19. A non-transitory computer storage medium storing instructions which, when executed in a computing system, cause the computing system to perform a method, the method comprising:

receiving, in a network manager of a time sensitive networking bus having a network of physical connections configured between a plurality of components configured to perform computing tasks and a plurality of memory devices configured to provide memory and storage services over the time sensitive networking bus, timing data of the computing tasks, wherein the timing data is configured to identify:

urgency levels of the computing tasks; and

latency requirements of the computing tasks in accessing the memory and storage services; and

allocating, by the network manager, virtual channels in the time sensitive networking bus for the computing tasks to access the memory and storage services with deterministic timing, including identifying, for each of the virtual channels, a set of rules for communications over the time sensitive networking bus to guarantee latency requirements specified in the timing data to be met in a deterministic way.

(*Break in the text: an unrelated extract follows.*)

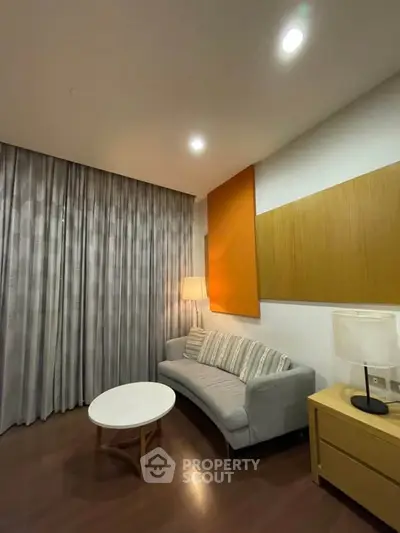 Cozy living room with modern sofa and stylish decor, perfect for relaxation.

20. The non-transitory computer storage medium of claim 19, wherein the method further comprises:

adjusting, by the network manager, a first virtual channel for a first computing task having a first urgency level, in allocation of a second virtual channel for a second computing task having a second urgency level higher than the first urgency level, via at least:

a change of a host of data of the first computing task from a first memory device to a second memory device;

a change of a host of the first computing task;

a change of a timing requirement of the first virtual channel; or

a pause of usages of the first virtual channel by the first computing task.